It was at this time, in 1986, that he moved to Madrid with his brother Luis, where they shared a student flat. Proof to both himself and others that he could lead his own life. He continued painting there but not sculpting. This was something that, since the accident and for the time being, he had put to one side. It would appear that sculpture did not occupy such a central place in his memory, although one never knows what might be going through the mind of an artist.
The following year, in 1987, he spent six months in New York in his sister Susana’s home. There he enjoyed walking in Central Park and visiting the Metropolitan Museum to see, in his own words, my painter friends. Of course, keeping up with that habit of painting wherever he went for more than a couple of days, he continued to paint in Susana’s home. He painted in one part of the house and his brother-in-law, Eduardo Iglesias, wrote in another. Susana was at that time preparing her doctoral thesis.
In 1988, having returned to Donostia-San Sebastián, he had his first solo exhibition in the Galeía Dieciséis in the city.
In 1990 he met Susana Alvarez, a journalist working in advertising, and in September 1991 they were married in Amasa, a village near Donostia-San Sebastián. Eduardo and Susana have four children. Eduardo was born in 1993, Laura in 1995, Pablo in 1998 and Miguel in 2004. They do not just share a family but also work, since his wife organizes Eduardo’s exhibitions and accompanies him everywhere in his life.
Throughout his entire career, committed to social, charitable and religious works, Eduardo has taken part in numerous charitable exhibitions.
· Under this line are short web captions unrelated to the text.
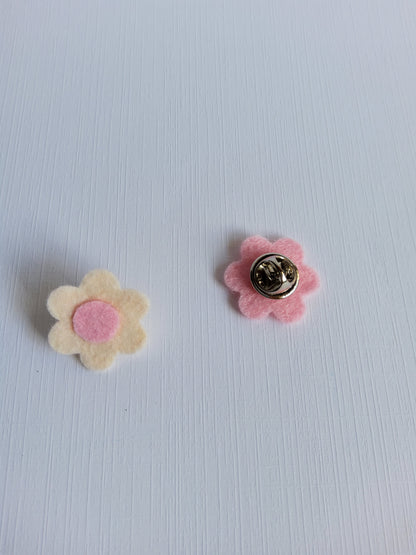 Two flower-shaped pins on a light textured background
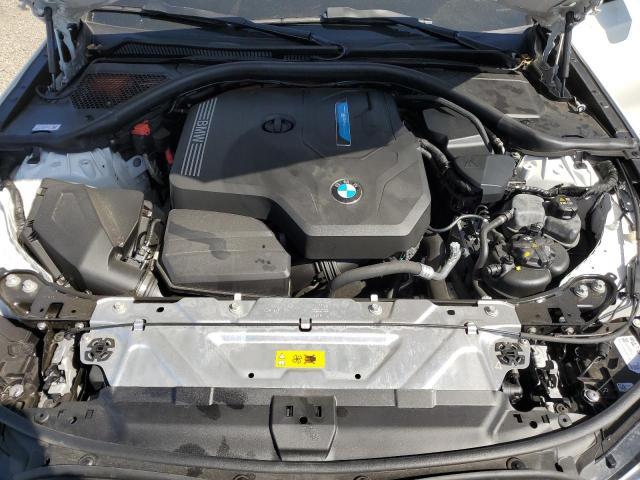 Photo 11 from auction – 2023 BMW 330E with VIN 3MW39FF06P8C94403
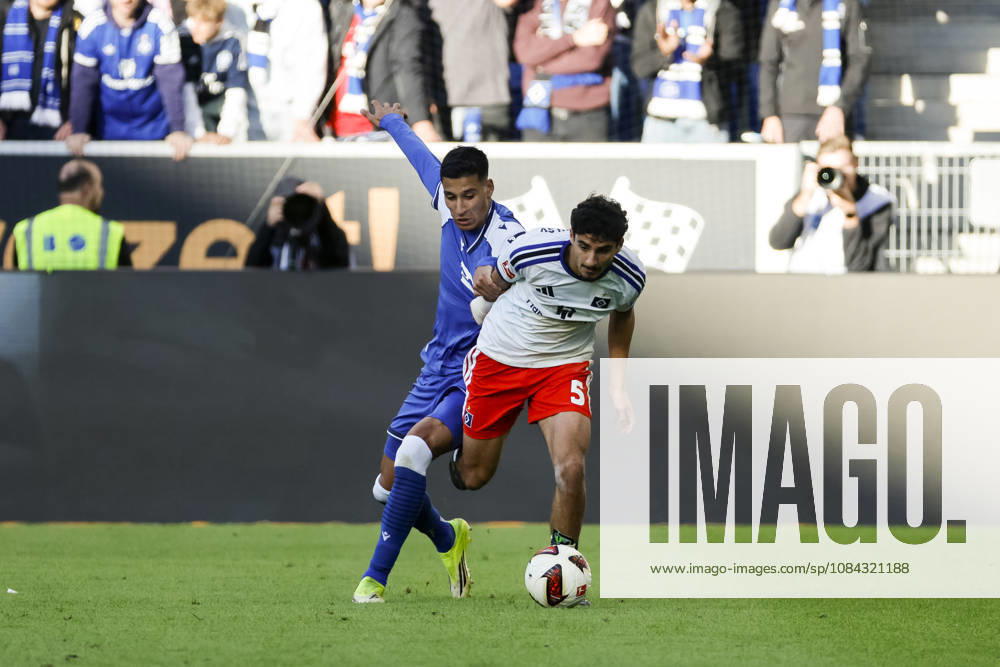 Adam Daghim of TSG Hoffenheim, 14, and Martin Adeline of Hamburger SV, 05, in a tackle, Germany, soccer, Bundesliga 1, Matchday 5, 2026–2027, TSG Hoffenheim vs. Hamburger SV, October 10, 2026, Sinsheim SNP Arena, Germany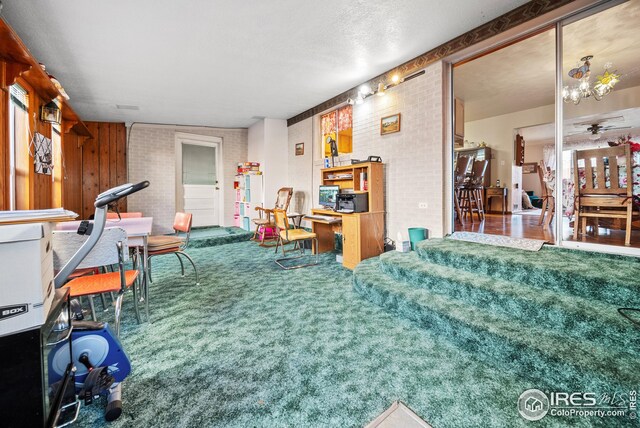 interior space with wood walls, carpet, and ceiling fan with notable chandelier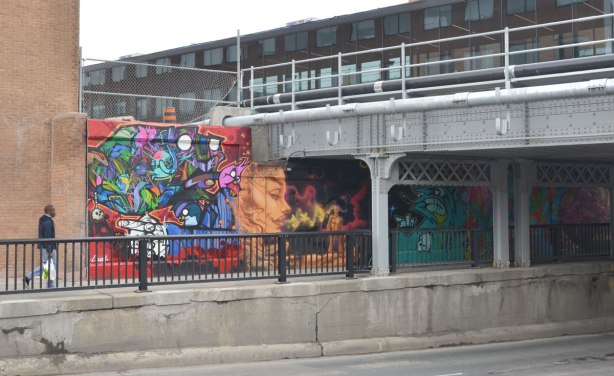 Man walking along a sidewalk towards a railway bridge.  One side of the underpass has been painted with street art pictures. 
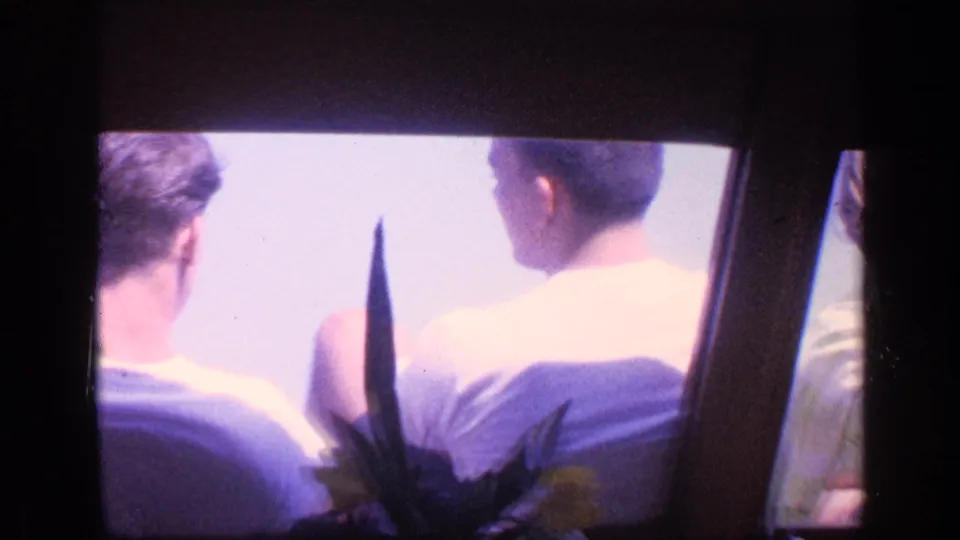 1968 Florida home-movie frame with several passengers viewed from behind inside likely boat or water taxi seating.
For example, on two occasions, with the “Beste aldean” (“On the Other Side”) mural in Zuloaga Square and the “Homenaje al Señor” (“Homage to the Lord”) mural in the Saint Sebastian the Martyr’s Parish Church, both in his native city, Donostia-San Sebastián, he has donated works, to the DYA (a non-profit ambulance service) and the Catholic Church, respectively.
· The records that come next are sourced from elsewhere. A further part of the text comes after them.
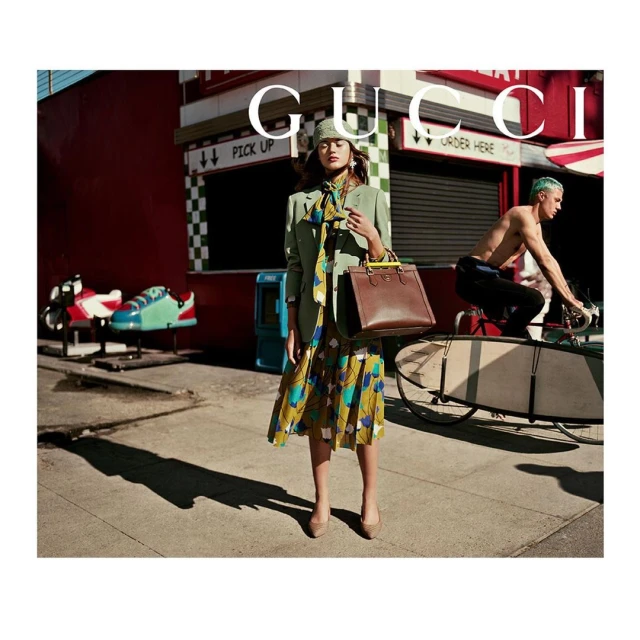 A woman in a floral dress and blazer poses with a purse, while a man rides a bike with a surfboard in a fashion editorial shot.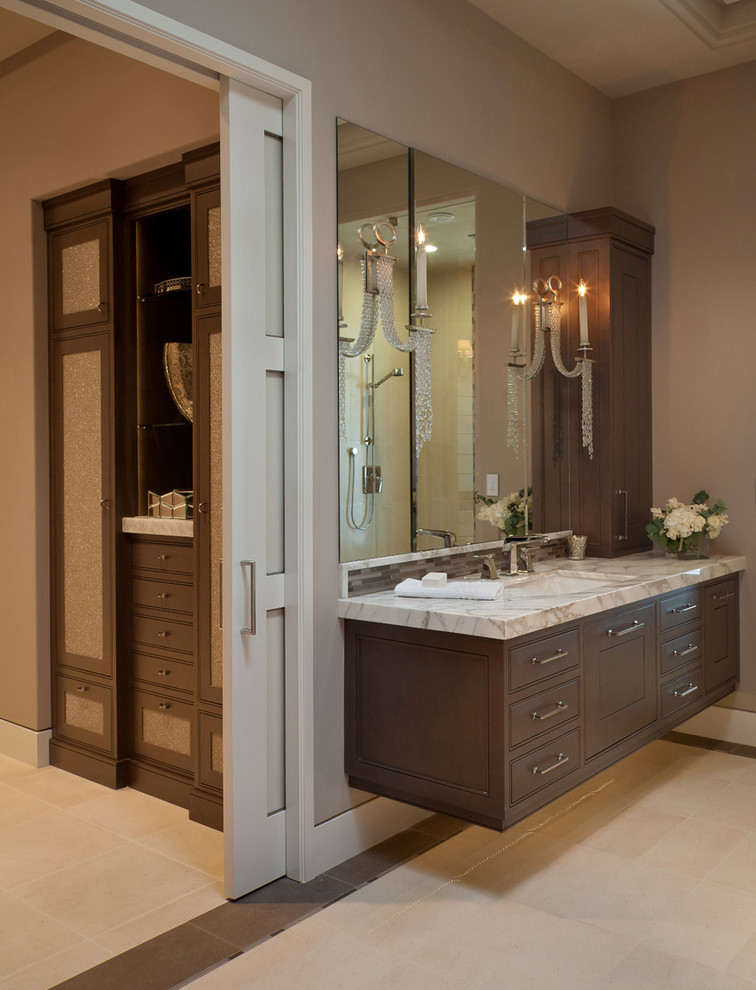This is an example of a large classic ensuite bathroom in San Francisco with beaded cabinets, dark wood cabinets and a submerged sink.
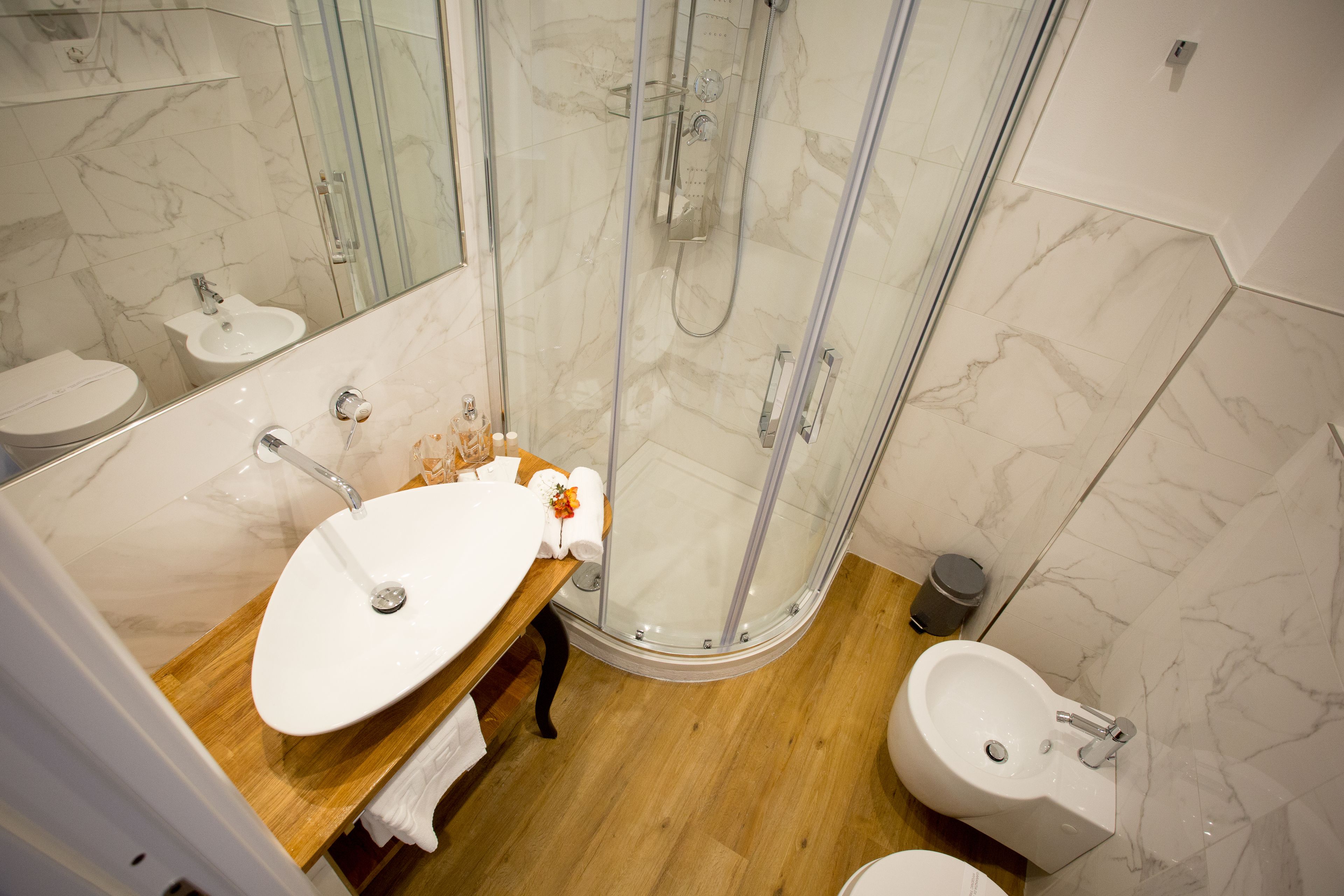 Un baño moderno con ducha envuelta en vidrio, tocador de madera y dos lavamanos.
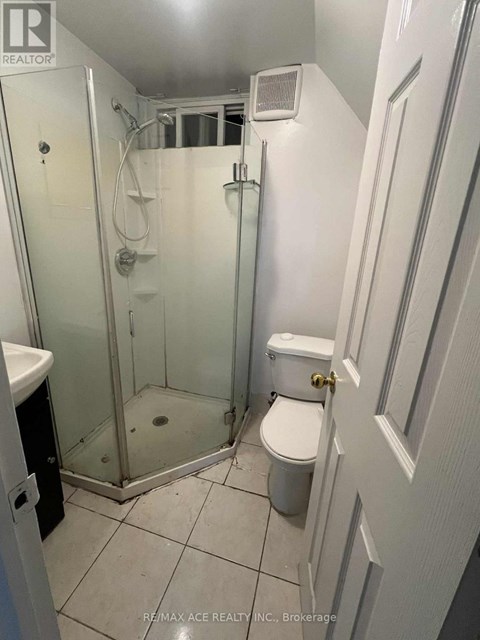 A white bathroom with a toilet, sink, and shower.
In 2010 Eduardo travels to Mexico with Susana and they remains at the art collector Heberto Guzmán´s house, which motivates Eduardo to retake sculpture. It is as well as throughout 2011 he made a dozen sculptures and in 2015 he took another step, making six large bronze sculptures that were presented in Paris, France, in public for the first time in 2017 in the Place du Louvre. Since then, the sculptures have been exhibited in different places and this year, 2021, two of them will be exhibited for twelve months in London, in Lower Grosvenor Gardens.